A poster for the Korean Chamber Orchestra’s upcoming live performance / Courtesy of Korean Chamber Orchestra
The Korean Chamber Orchestra (KCO) will open its new season with a live performance that includes music by a French composer largely unknown to Korean audiences.
In response to the orchestra, the KCO will premiere Germaine Tailleferre’s Concertino for Harp and Orchestra with solo harpist Kwon Min-young at its season-opening live performance on the Seoul Arts Middle, Feb. 10.
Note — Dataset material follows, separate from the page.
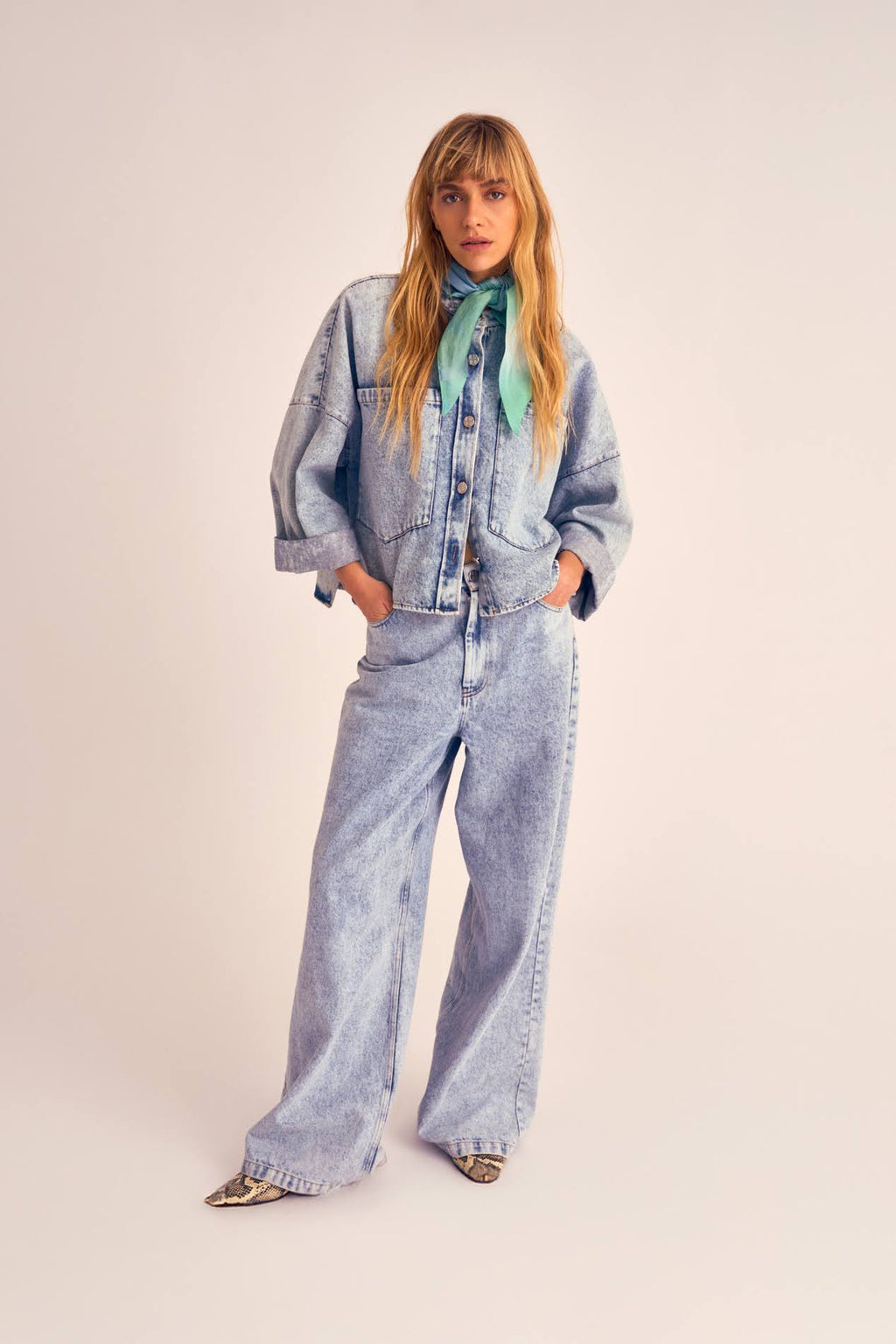 Blouses lange mouw blauw Julia June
Tailleferre (1892–1983) was the one feminine member of Les Six, a bunch that helped form French neoclassical music with wit and magnificence within the early twentieth century. She studied on the Paris Conservatoire and composed prolifically throughout genres, producing greater than 200 works regardless of persistent gender limitations and the frequent lack of publication of her scores. Lively as a composer till the age of 91, her music is marked by lyricism, bitonality and jazz influences.
This system additionally contains Robert Schumann’s Overture, Scherzo and Finale for Orchestra, Op. 52, and Sergei Rachmaninoff’s Rhapsody on a Theme of Paganini for Piano and Orchestra, Op. 43, that includes pianist Solar Youl. The live performance will conclude with Hungarian composer Zoltán Kodály’s “Dances of Galánta.”
The orchestra shall be performed by Sergey Smbatyan, a conductor from Armenia.
“This system brings collectively works from totally different eras and areas right into a single, natural arc, spotlighting each the musical expansiveness the KCO has pursued and the finely honed ensemble aesthetics that outline its sound,” the orchestra mentioned in a press launch issued Wednesday.
Based in 1965, the KCO has grown into certainly one of Korea’s oldest and most revered chamber ensembles, steadily increasing its dimension and creative scope over the previous six many years. The orchestra now has 120 members.
Till final yr, the KCO has introduced greater than 800 performances, together with 141 abroad concert events, and launched 19 albums. It carried out at UNESCO headquarters in Paris in 1999 and on the United Nations headquarters in New York in 2000, engagements that earned it the title “U.N. Official Chamber Orchestra of Peace.”
For tickets and extra data, go to kco.or.kr.